Namun Soegiri, bekas ajudan Soedirman dalam catatannya menceritakan jika komandannya itu dirawat di Kamar 8 Bangsal Maria, Rumah Sakit Katolik. Diketahinya penyakit tersebut dari dokter yang merawatnya.
Menurut Soegiri, obat yang dibutuhkan hanya ada di Jakarta. Kalaupun sampai di Yogyakarta, obat itu harus melalui jalur penyelundupan. Karena Jakarta saat itu dikuasai tentara sekutu.
Karena Panglima Besar membutuhkan penanganan yang cepat, tim dokter memutuskan harus menjalani operasi untuk menyelamatkannya. Penyakit tersebut lanjut Soegiri, sudah sangat komplikasi sehingga membuat dokter menempuh cara dengan mengangkat satu paru-parunya.
Pasca operasi, tim dokter berbohong kepada Soedirman. Mereka mengatakan operasi itu cuma mengangkat satu organ kecil di paru-paru yang menghambat saluran pernafasan.
Soedirman pulang ke rumahnya di Bintaran, usai sebulan menjalani perawatan di rumah sakit.

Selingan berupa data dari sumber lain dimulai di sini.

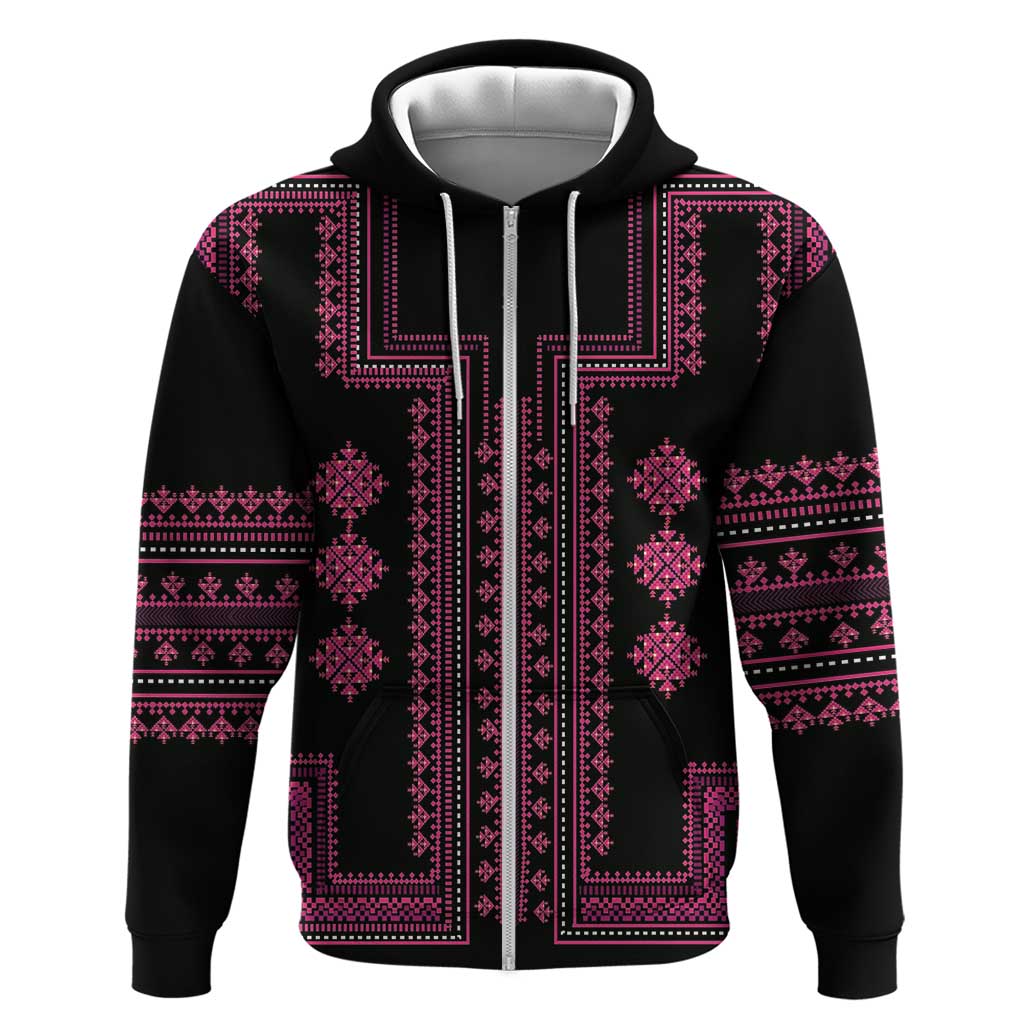 Bulgaria Traditional Pattern Pink Hoodie Balkan Culture LT01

Pernah beberapa kali terlihat merokok Saat di rumah, sehingga hal itulah yang memperburuk kesehatannya kembali. Bahkan pernah muntah darah.
Pada 17 Desember 1948, Soedirman tiba-tiba bisa bangkit dari tempat tidur. kepada Alfiah, Soedirman berkata ada firasat bahwa Belanda akan melakukan agresi. Dua hari berselang, firasat sang Jenderal terbukti dan Belanda menyerang Yogyakarta.

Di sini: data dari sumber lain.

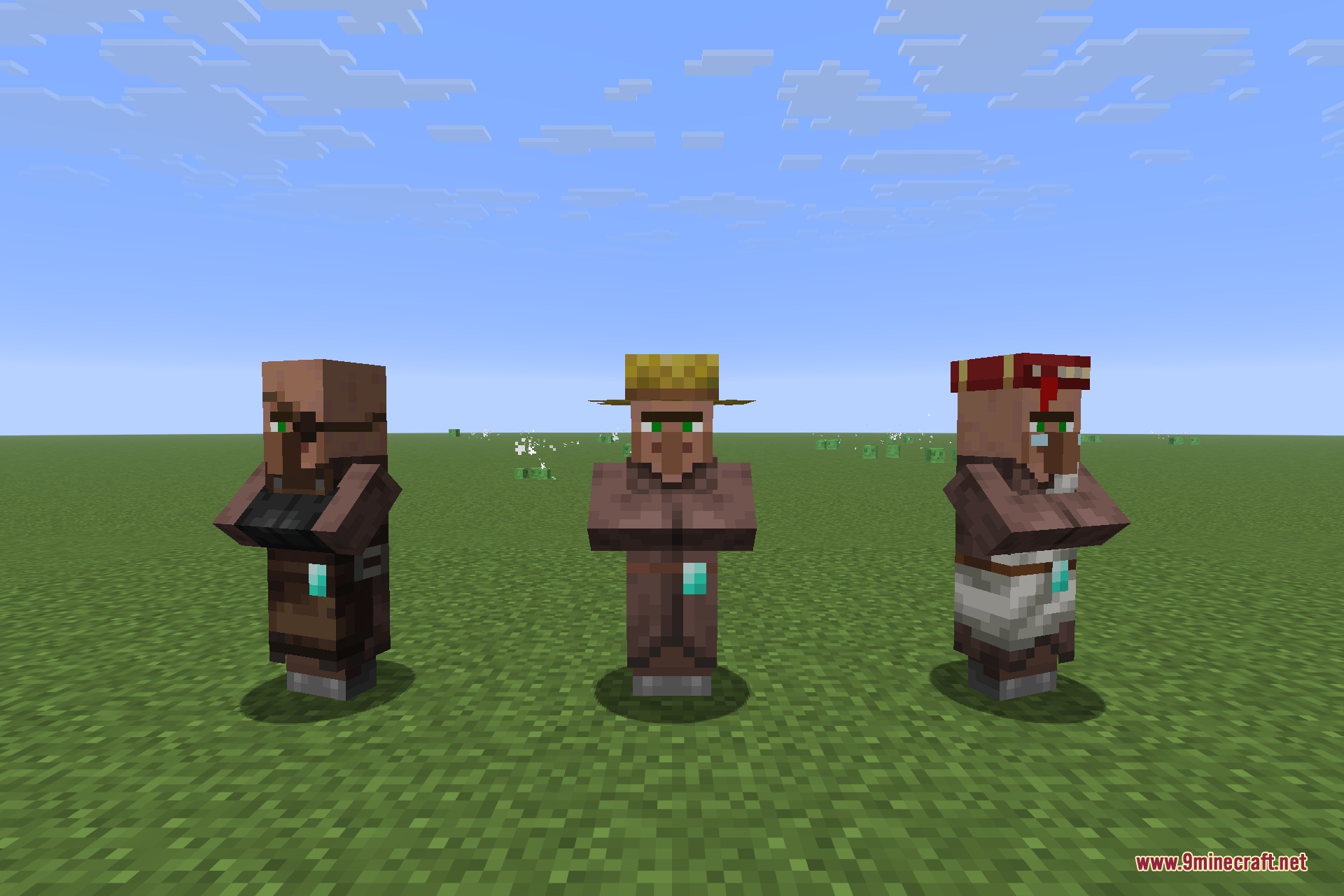 Custom Villager Trades 9minecraft Mod Screenshot 4 Three Minecraft villagers with different profession outfits standing on green grass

Awalnya Soedirman mengajukan cuti sebagai Panglima kepada Soekarno namun tidak disetujui. Karena Belanda kembali menyerang, cutipun ditinggalkannya.
Selama delapan bulan Soedirman keluar masuk hutan bergerilya diluar Yogyakarta. Sesampai di Pacitan, Jawa Timur, ia sakit. Para prajuritnya kemudian mendatangkan dokter dari Solo
Seorang suster yang merawat Jenderal itu, Rika, dalam tulisannya menceritakan, saat dirawat Soedirman menggunakan nama samara Abdullah Lelana Putra. Pengakuan Rika pada 1985 itu dimuat surat kabar yang naskahnya kini tersimpan di Museum Sasmitaloka.
Alasan menyamarkan nama tersebut supaya keberadaan Soedriman tidak diketahui Belanda. Beberapa minggu kemudian dia kembali ke rumah. Pada 18 Januari 1950, Soedirman memanggil seluruh petinggi tentara. Dan memanggil isteri dan ketujuh anaknya, keesok harinya.
Seolah itu sudah menjadi pertanda. Senin, 29 Januari 1950, tubuh Jenderal Soedirman sudah semakin lemah. Berlinang air mata, Siti Alfiah meminta suaminya tegar. Panglima Besar kemudian menatap istrinya dan meminta menuntunnya membaca kalimat tauhid. Satu kalimat terucap, Soedirman kemudian mangkat sekitar pukul 18.30 waktu setempat.